The joint venture will make significant improvements to the Dana facility aimed at serving farmer customers. To be completed by harvest in 2013, the modernization project could eventually more than triple the unload capacity and warehouse space for corn, soybeans and wheat originated at Dana. Rail track space will be increased from a 65-car capacity to a 90-car capacity, and rail load capacity will be increased from 20,000 bushels per hour to approximately 50,000 bushels per hour. Grain drying capacity will be quadrupled. While the work plan is still under development, the total investment is expected to exceed $20 million.
"For our farmer customers, these upgrades will reduce unloading times, provide more storage space and expand the marketplaces for the delivery of grain," said Doug Childers, regional Farm Services Group leader for Cargill. "For our customers who process corn and soybeans, we will strengthen our ability to take care of their needs."
The Dana facility currently supplies corn to processors in the southeast U.S. and also is seeing growing demand from ethanol plants in Indiana and Ohio.
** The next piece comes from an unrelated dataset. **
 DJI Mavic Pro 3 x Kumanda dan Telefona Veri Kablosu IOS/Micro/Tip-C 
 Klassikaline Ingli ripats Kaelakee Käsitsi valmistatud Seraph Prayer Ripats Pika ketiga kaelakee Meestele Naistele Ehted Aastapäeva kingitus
Soybeans are sent mainly to Cargill's oilseed processing facilities in the southeast.
Hiroshi Fukuchi, president and chief executive officer of Agrex, said: "For the Dana marketplace, the joint venture will provide additional outlets through both Agrex's export terminal in Mobile, Alabama, U.S., and the domestic sales channels through our office in Bowling Green, Ohio, U.S. These outlets will provide new marketplaces and contribute to the local farming community."